5 Replies Latest reply on Sep 24, 2009 4:30 PM by Pete Muir

    Hiding scoped beans from views

    Ryan de Laplante Newbie

      Hi,


      A while back a built a JSF 1.2/Facelets/Spring system that let me build different skins/themes for all of the screens. Each theme has its own unique HTML, CSS, images and language files, but they share the same managed beans, validators, etc. 


      I'm thinking about building another system with similar theme/skin capabilities, but am concerned about users creating themes that have full access to anything and everything that is in WebBeans.  It's been a while since I read the WebBeans spec so I am not up to date on it.  I know when using Velocity or Freemarker I have complete control over what the views have access to.  I don't even have to expose entire domain models. I can feed the views exactly what I want.
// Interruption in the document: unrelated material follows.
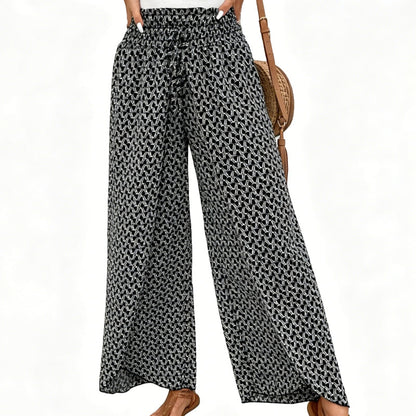 Women's Smocked Waist Wide-Leg Pants with Slit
      Does anyone know if I'll be able to do this in CDI and JSF 2.0?



      Thanks,
      Ryan

        • 1. Re: Hiding scoped beans from views
          Pete Muir Master

          I don't entirely understand the use case. Could you explain more what feed the views means, and what FTL allows you to do, and how?

          • 2. Re: Hiding scoped beans from views
            Ryan de Laplante Newbie

            Pete Muir wrote on Sep 13, 2009 21:05:


            I don't entirely understand the use case. Could you explain more what feed the views means, and what FTL allows you to do, and how?
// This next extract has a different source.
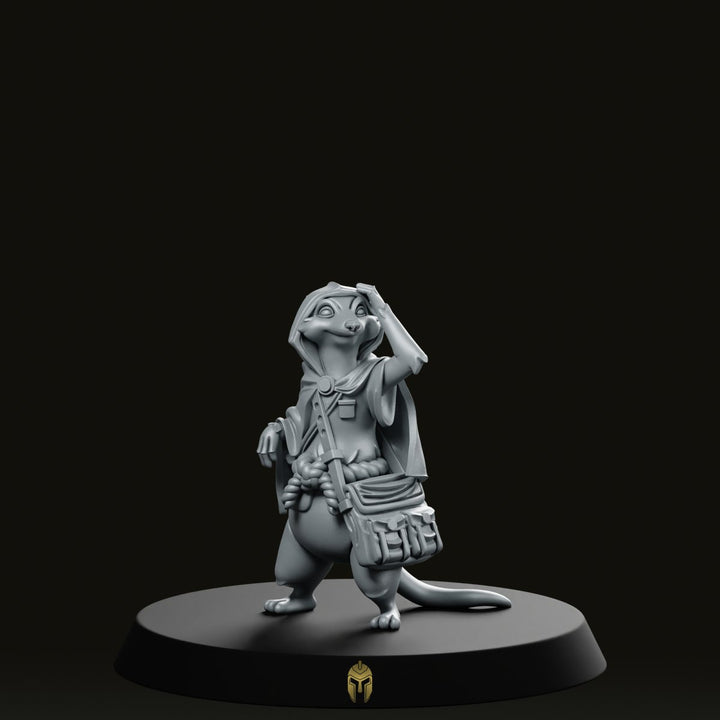 Merk Explorer A Mircat, figurine d'éclaireur perdu avec sa carte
            When using Velocity, I use the APIs to load a template file into a Template object (or whatever it's called), then use a setter on the object to feed it a collection of objects that will be made available to scripts inside the template.  I might even provide read only stripped down copies of domain objects to the template instead of JPA entities. Scripts inside the template do not have access to any object other than what was explicitly provided to it by my application.  If I allow users to upload their own templates for a particular screen or email, I don't have to worry about them getting access to every other managed bean used by the web application and using them to do bad things.
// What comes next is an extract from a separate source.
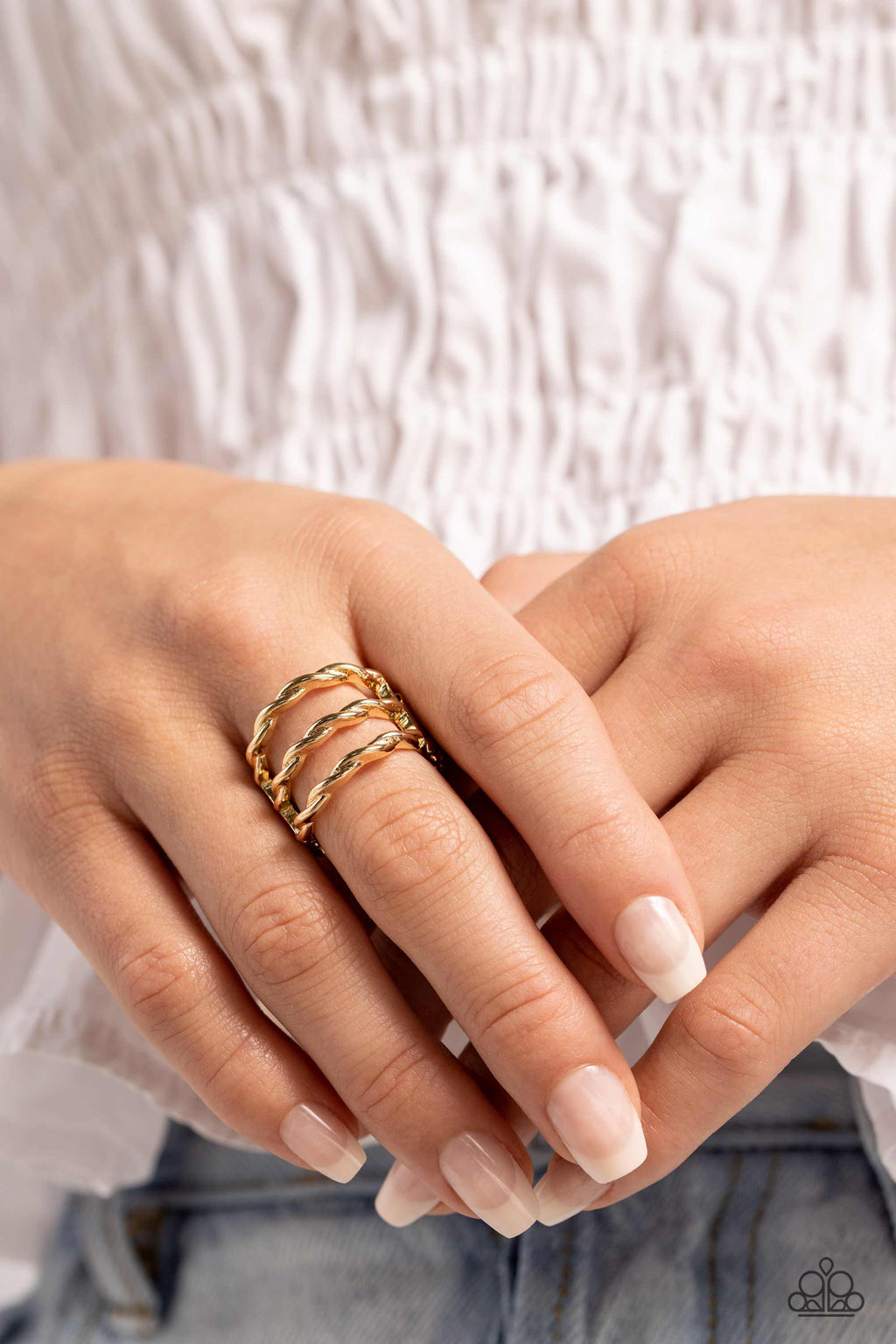 Paparazzi Corded Command - Gold Ring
            In JSF, if I were to allow users to upload their own facelets templates for use in some screens or emails, there seems to be nothing stopping them from accessing anything and everything they want using EL (JSF Managed Beans, Web Beans, etc)

            • 3. Re: Hiding scoped beans from views
              Pete Muir Master

              I see, you are essentially creating a sandbox by adding a level of indirection.


              With the situation you've described, my first suggestion is to simply not expose those beans you don't want use to access to EL. I guess you may have other pages in the app that require access to other beans?

              • 4. Re: Hiding scoped beans from views
                Ryan de Laplante Newbie

                Pete Muir wrote on Sep 23, 2009 20:58:


                I see, you are essentially creating a sandbox by adding a level of indirection.

                With the situation you've described, my first suggestion is to simply not expose those beans you don't want use to access to EL. I guess you may have other pages in the app that require access to other beans?


                Yes, screens built into the application will need access to MBeans that should not be accessible by users creating templates for other things.   I think for some parts of the system this will be a risk the administrator will be in control of (install customized themes created by himself or his company).  In other parts of the program, I could use Velocity or Freemarker to preprocess some output then insert it into a parent facelet template.



                Thanks,
                Ryan

                • 5. Re: Hiding scoped beans from views
                  Pete Muir Master

                  Yeah, I don't feel this is something that CDI itself should support.


                  I would recommend doing this perhaps with a custom EL resolver that applies your restrictions? You would need to know where the EL resolution is coming from, which is tricky.


                  Another approach entirely is to write a validator, which knows which beans are allowed.